### Your assignment
Could you print exactly the lines from the one that contains "这几种看似危险的孕检B超结果，其实多数问题不大，孕妈们别紧张" to the end of the data, both ends included, and nothing else? Skip the pictures.

****************

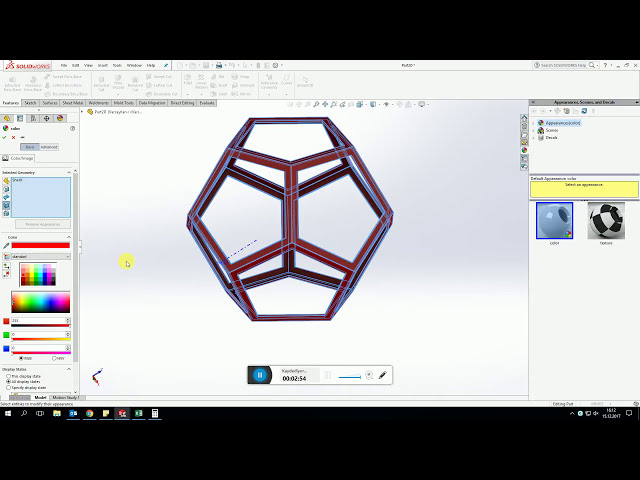 فیلم آموزشی: آموزش SolidWorks Dodecahedron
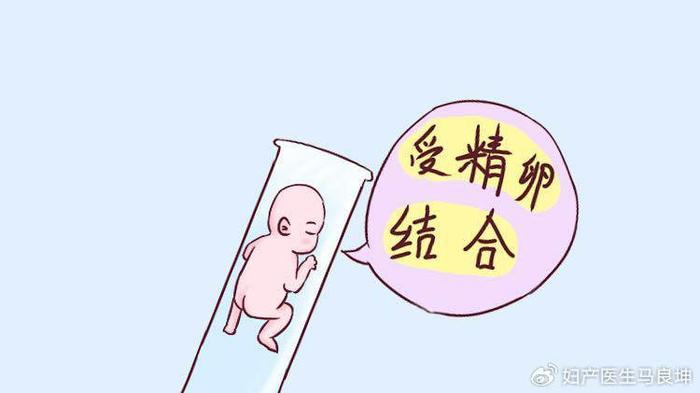 这几种看似危险的孕检B超结果，其实多数问题不大，孕妈们别紧张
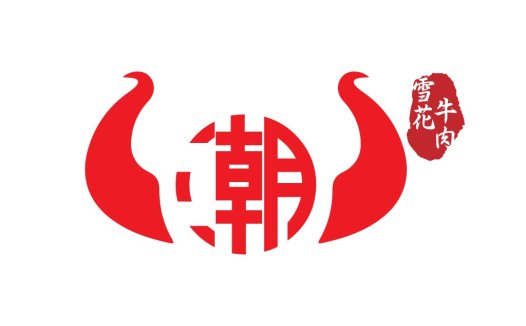 雪花牛肉logo设计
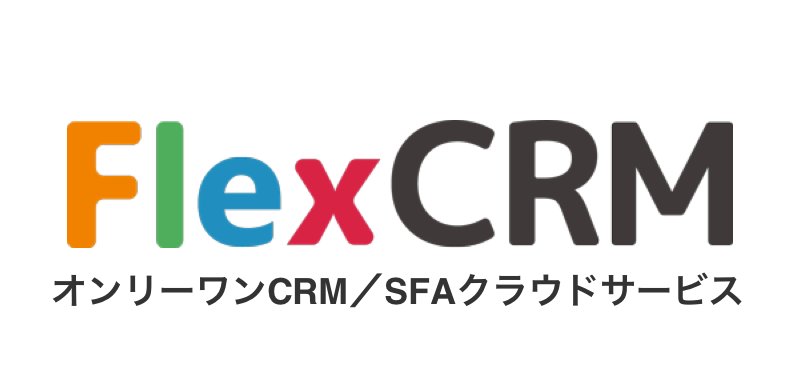 CRMツール_おすすめCRMツール15選_FlexCRM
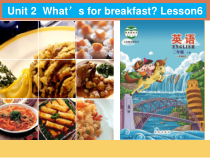北京版英语二年级下册《Unit 2 What’s for breakfast Lesson 6》集体备课PPT课件5(1)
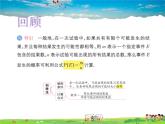 青岛版数学九年级下册  6.6简单的概率计算 第2课时课件PPT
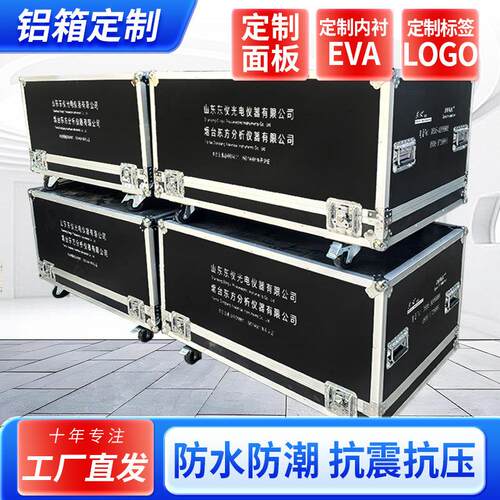 定制航空箱铝合金箱工具箱仪器箱拉杆航空箱设备运输箱医疗器械箱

****************

### Your response
 这几种看似危险的孕检B超结果，其实多数问题不大，孕妈们别紧张
 雪花牛肉logo设计
 CRMツール_おすすめCRMツール15選_FlexCRM
北京版英语二年级下册《Unit 2 What’s for breakfast Lesson 6》集体备课PPT课件5(1)
 青岛版数学九年级下册  6.6简单的概率计算 第2课时课件PPT
 定制航空箱铝合金箱工具箱仪器箱拉杆航空箱设备运输箱医疗器械箱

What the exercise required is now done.